D) E agora que já definimos as regras, resta-me desejar-lhe uma excelente estadia no nosso Hospital e as melhoras. Obrigado por ter escolhido o Hospital X e lembre-se: 37ºC não é febre!"

 

Mindblowing, não é? Só para esclarecer, é natural ficar com pele de galinha depois de lerem isto. Comigo aconteceu o mesmo quando escrevi.


4 - Aerossóis

Não, não estou a falar de salbutamol ou brometo de ipratrópio. Uma forma de limitar a confusão habitual do Serviço de Urgência seria criar uma solução combinada de diazepam, paracetamol e morfina e aerossolizá-la pelo sistema de ventilação. Para além de resolver à vontade dois terços dos motivos de vinda à urgência, seria óptimo para acalmar os ânimos mais exaltados de doentes, profissionais e acompanhantes.


Em alternativa, poderia ser providenciado um charro a cada acompanhante aquando da triagem de Manchester. Uma espécie de sistema de "Uma pulseira verde para a sua mãe, uma ganza para si". Conseguem imaginar o impacto desta medida?

 

"Oh sôtor, doía-me um bocado o rabo há três dias e foi por isso que eu cá vim, mas agora por acaso já não me dói. Eheh, deve ser um milagre ou assim. Eheheheh!". Ou então:

 

"È assim, a sua tia tem uma pneumonia. Eu sei que isto pode parecer grave e até é, apesar do meu sorriso. É um sorriso de preocupação. Mas relaxe que nós 'tamos aqui a tomar conta dela, 'tá? Vá para casa, tome um banho de imersão, aproveite a vida porque a vida é curta! Hoje está aqui, amanhã pode estar como a sua tia, já viu?
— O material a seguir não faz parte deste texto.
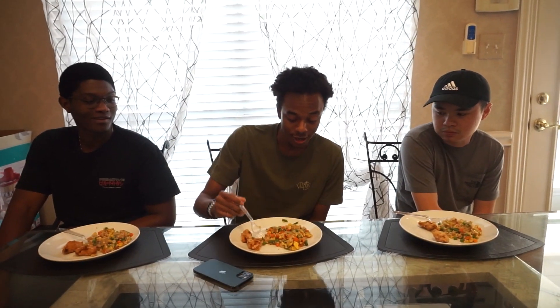7.5 or 8. I think I'm going to give it like an 8.3. It's pretty good — we did it a lot better than I thought we were going to.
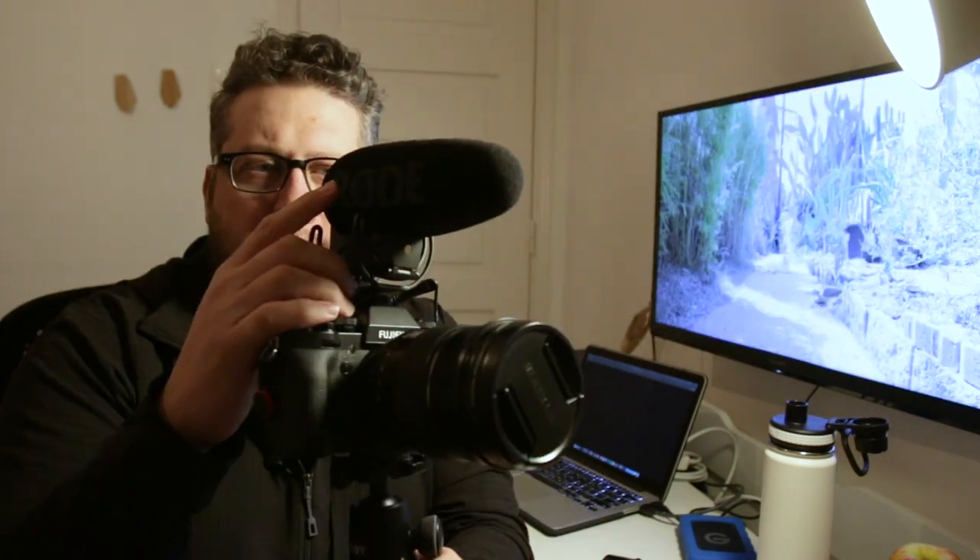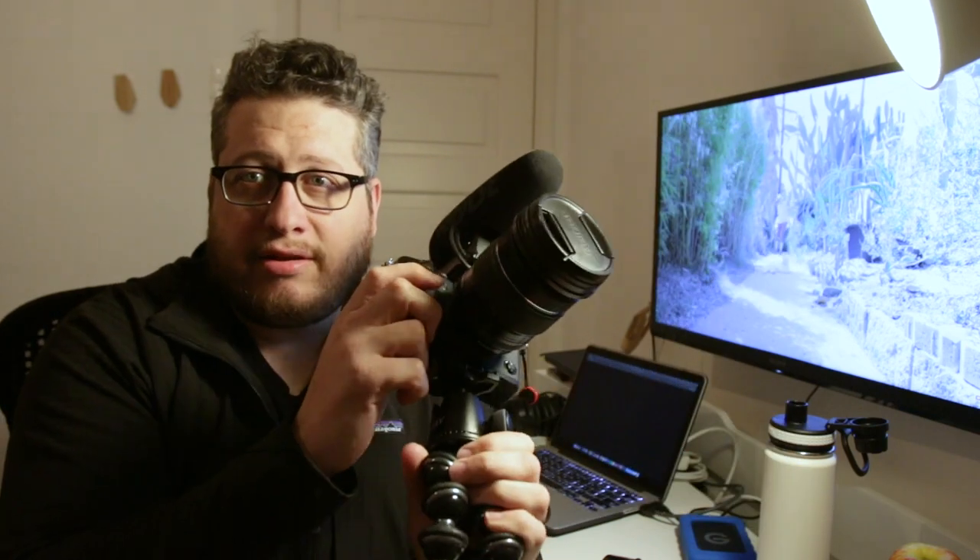I didn't really have much of my equipment with me — I only had my vlogging kit. This is it. The entire documentary was shot on this: a Rode VideoMic Pro Plus, the Fuji X-T3 with the 16-55 2.8 lens, and a Joby Gorillapod. That was all I had with me, and I was like, well, I still want to make the documentary, so I'm just going to go with it.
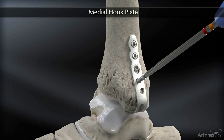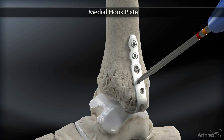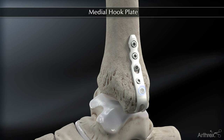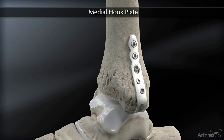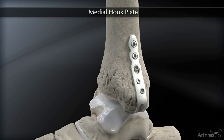Once again, this particular drill bit, drill guide, and screwdriver are color-coded for these distal screws. Distal screw placement is necessary for comminuted fractures or if there is any question of rotational stability.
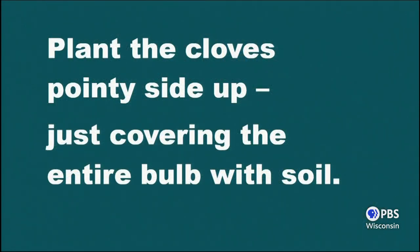Remember what the cloves look like: there's a pointy side and a flat side that was connected down to the root. Pointy side up. If you plant it upside down it may work, but the garlic has to work twice as hard to overcome that and get that growth coming through the point. I don't bury my garlic — I just push it into the ground until the top of the point is level with the ground surface, and that's how deep I plant it. I don't cover over it either; I just shove it in the ground.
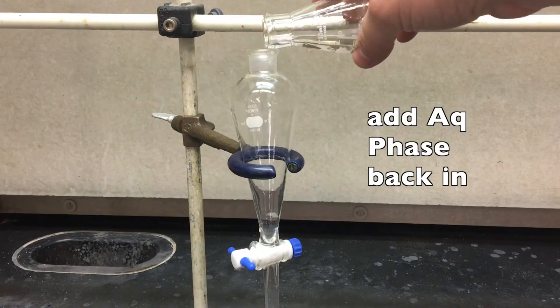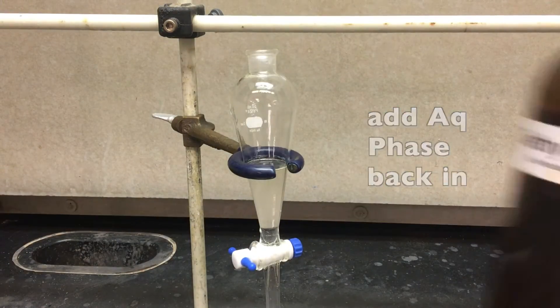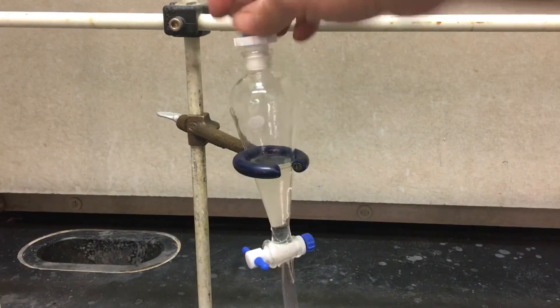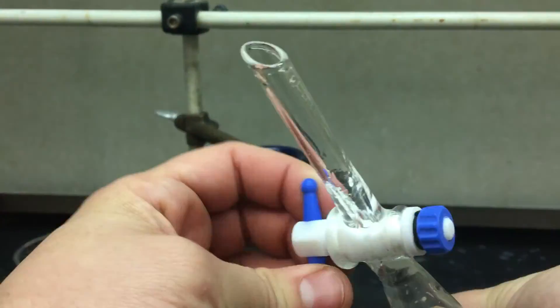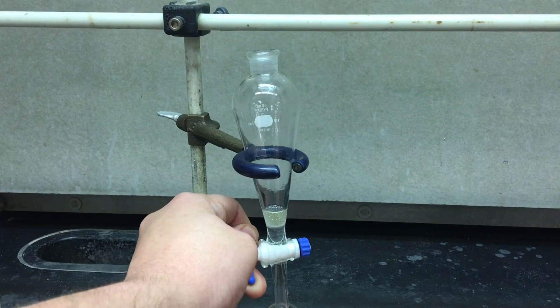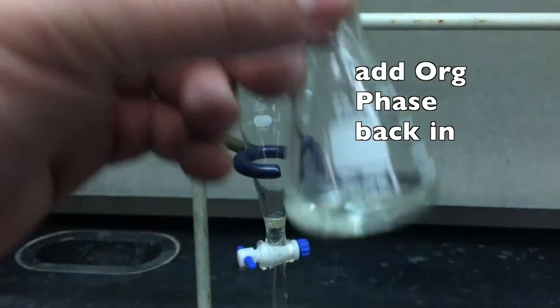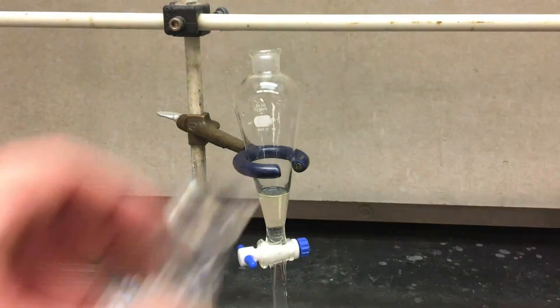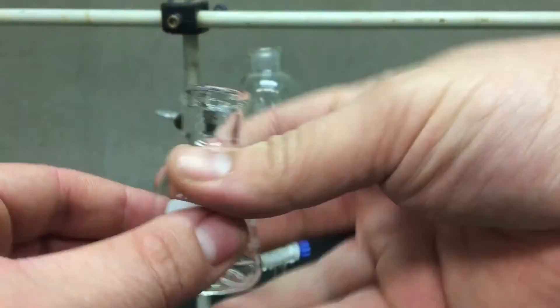Place the aqueous phase back in the separatory funnel and re-extract it with a bit more diethyl ether. Notice how I use the ether to clean out the aqueous phase container. Once again, cap, shake, exhaust, repeat, let it settle. Collect the aqueous phase again — we're done with that, that is trash. To the organic phase you have left in the separatory funnel, add the organic phase you had from earlier. Rinse the container with more ether. Hopefully you're starting to see a pattern emerging.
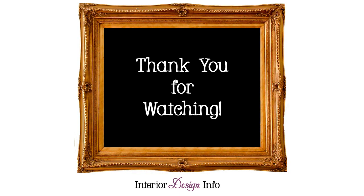If you would like any more information about interior design, interior decorating, home improvement, and more, please visit our website at interiordesigninfo.com.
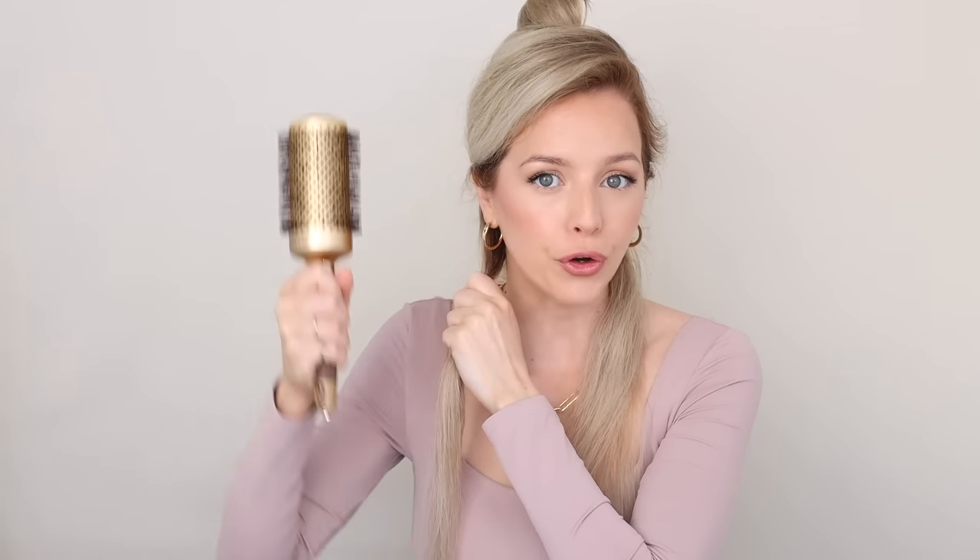Grab a section no wider than your brush — for the bottom section I'll probably do three. Brush through it and make sure there are no knots so your brush can slide right through your hair. The whole time you're doing a blowout, keep your brush vertical and place it behind your section so all the hair goes away from your face, same as a curling iron. Then pull it away from your head to create some tension — just give it a nice pull as you're blow drying.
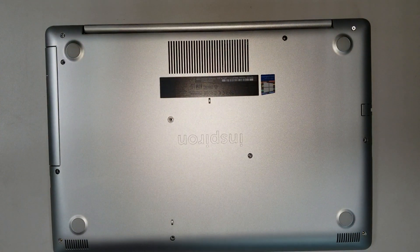All right guys, hopefully you guys subscribe to my channel. On this video let me show you the dead Inspiron 5570 Core i7 processor.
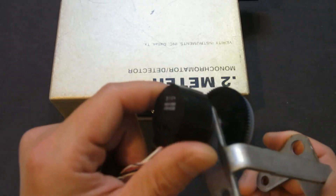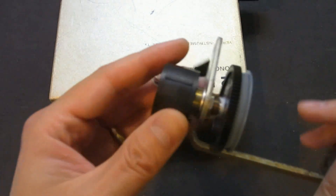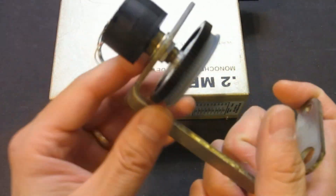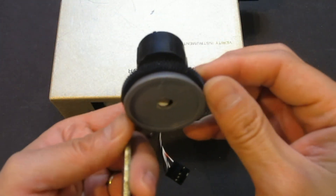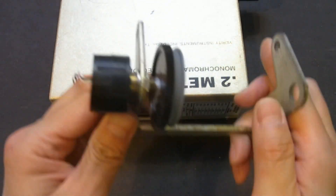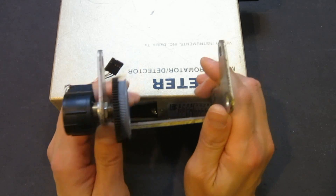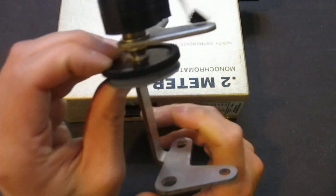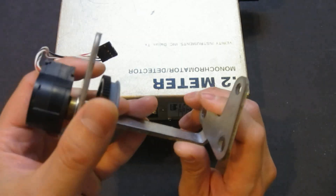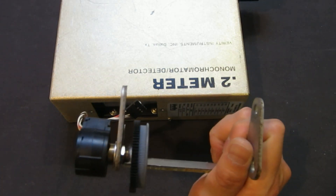I might have actually obtained it from somebody else, but I don't remember. Anyway, it's a very nice and smooth optical encoder. I had lots of these kinds of gears from various printers and stuff like that, so I glued two together very crudely so that I can put a cogwheel belt over it.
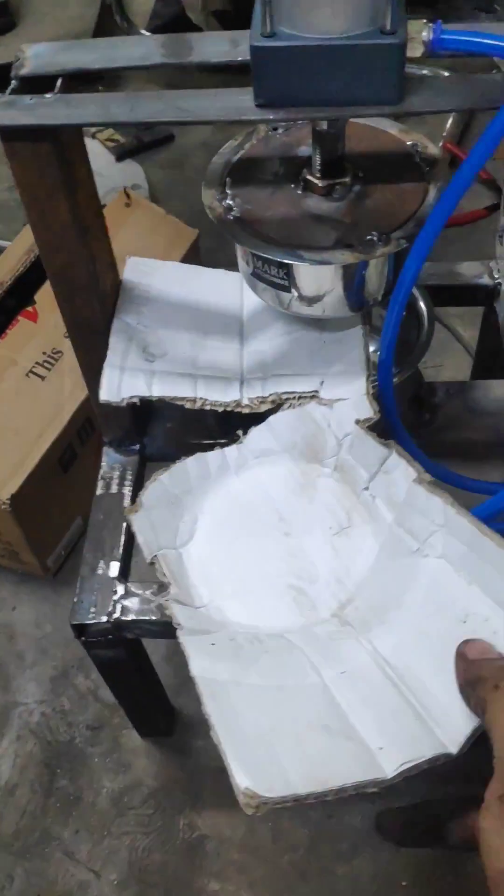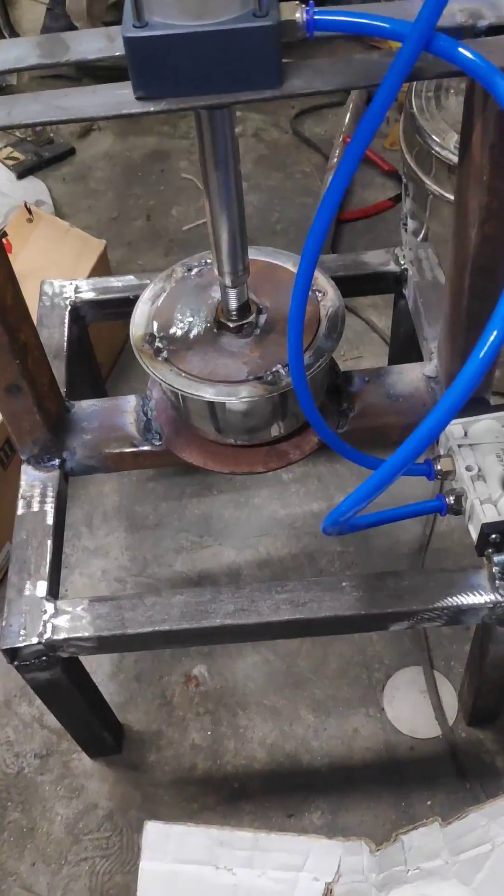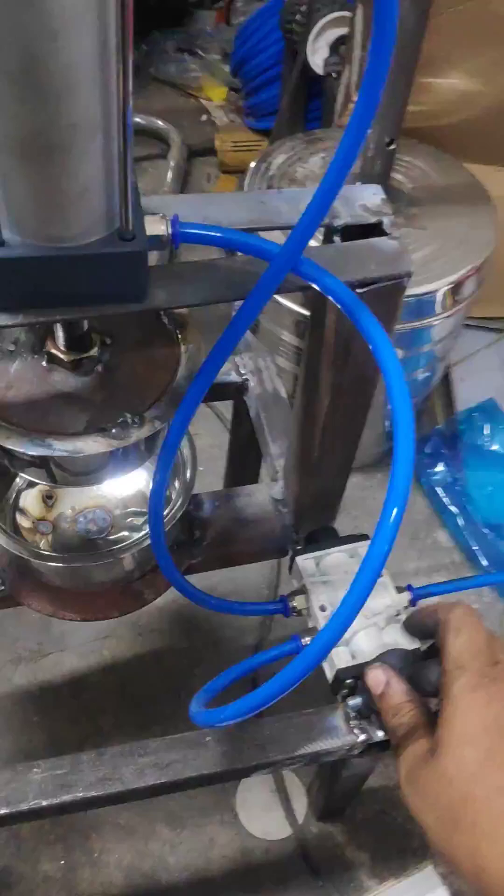So this is how our paper cup machine is going to be demonstrated. Thank you.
Eheheheh!"


5 - Sistema de pontos

Por fim, poderia criar-se um sistema de pontos para as pessoas que recorrem à urgência. Por exemplo, no final de cada ano, todas as pessoas que não tivessem ido à urgência ou que fossem apenas por motivos válidos ganhavam pontos. Realço que gases não são um motivo válido para ir à urgência. Da mesma forma, pessoas com comportamento adequado no serviço de urgência e que cumpriram regularmente a medicação também seriam pontuadas. Cada pessoa que atingisse determinado limiar de pontuação receberia benefícios, tipo redução no IRS, isenção de taxas moderadoras ou permissão para estacionar em lugares de deficientes.

 

Mas atenção, esses benefícios durariam apenas durante o ano civil em questão! E se essas pessoas cometessem infracções graves como ir à urgência porque se sentiram mal no supermercado mas já passou, ou porque é 23 de Dezembro, estão com pingo no nariz e depois põe-se o Natal e é chato, perderiam automaticamente todos os benefícios. Mais ainda, seriam legalmente obrigados a andar na rua com um autocolante na roupa ou uma pulseira que conferia o direito aos restantes cidadãos de os achincalharem se se cruzassem com eles na via pública.


E pronto, é isto. Cinco simples medidas que nos iam facilitar imenso as urgências. Não há dinheiro para nos pagar, mas pelo menos há imaginação. E se isto não chegar para eu me tornar ministro da saúde, não sei o que será preciso. Digam de vossa justiça nos comentários! Que propostas sugeriam para implementar nos serviços de urgência?